Яхта с вооружением кеча длиной 8,2 метра по ватерлинии называлась "Сваап", что на санскрите означает "мечта". Лучшего для нее названия невозможно придумать: именно она помогла американцу Уильяму Робинсону осуществить свою мечту — совершить плавание вокруг света. Ему тогда было 25 лет. Плавание протяженностью 32000 миль заняло три года и пять с половиной месяцев и обошлось ему в тысячу долларов. Впоследствии он издал книгу под заглавием "Глубины и мели", которая впервые была издана в 1932 году, а недавно вышла в свет вновь в издательстве Руперг Харт-Девис.

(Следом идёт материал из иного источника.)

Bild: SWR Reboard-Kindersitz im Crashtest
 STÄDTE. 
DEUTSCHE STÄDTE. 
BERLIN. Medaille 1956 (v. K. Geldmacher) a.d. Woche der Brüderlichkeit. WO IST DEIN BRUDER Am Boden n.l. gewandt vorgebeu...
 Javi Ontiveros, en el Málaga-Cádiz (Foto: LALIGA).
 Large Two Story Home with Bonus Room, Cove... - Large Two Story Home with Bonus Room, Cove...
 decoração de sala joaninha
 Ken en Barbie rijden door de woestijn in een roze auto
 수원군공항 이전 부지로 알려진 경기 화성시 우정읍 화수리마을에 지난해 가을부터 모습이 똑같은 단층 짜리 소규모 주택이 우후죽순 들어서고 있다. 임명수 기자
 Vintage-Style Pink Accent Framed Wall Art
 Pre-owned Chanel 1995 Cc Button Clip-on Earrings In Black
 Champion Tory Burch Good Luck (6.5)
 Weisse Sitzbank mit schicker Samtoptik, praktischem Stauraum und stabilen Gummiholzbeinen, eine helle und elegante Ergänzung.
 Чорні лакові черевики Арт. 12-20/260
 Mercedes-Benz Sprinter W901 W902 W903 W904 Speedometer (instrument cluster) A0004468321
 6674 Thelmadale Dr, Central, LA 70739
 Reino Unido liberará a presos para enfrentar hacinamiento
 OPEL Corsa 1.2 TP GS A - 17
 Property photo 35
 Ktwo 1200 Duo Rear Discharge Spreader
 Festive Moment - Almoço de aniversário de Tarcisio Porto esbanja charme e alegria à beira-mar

Книгу эту быстро раскупили, и не зря. Но если бы даже этого не произошло и Робинсон не смог заработать на ней, он все равно не остался бы в проигрыше. Напротив. Ведь во время своего путешествия, длившегося три года, он повидал свет и испытал гораздо больше, чем многие из нас увидят и испытают за целую жизнь. Приключений ему хватало с избытком. Один раз он пировал вместе с каннибалами, в другой раз был захвачен арабским шейхом, который требовал у него выкупа. Он уходил от водяных смерчей, его преследовали гигантские ящерицы. Совершал восхитительные переходы, подгоняемый попутными пассатами, испытал ярость урагана на Нукуалофа, одном из островов в южной части Тихого океана, видел извержение подводного вулкана. 300 долларов в год — совсем небольшая сумма за столько впечатлений!

К нашему счастью, он умел и хотел писать, и это дает нам возможность пережить вместе с ним поистине поразительные приключения и совершить плавание на яхточке, на которой он вышел из Нью-Йорка вечером 23 июня 1928 года.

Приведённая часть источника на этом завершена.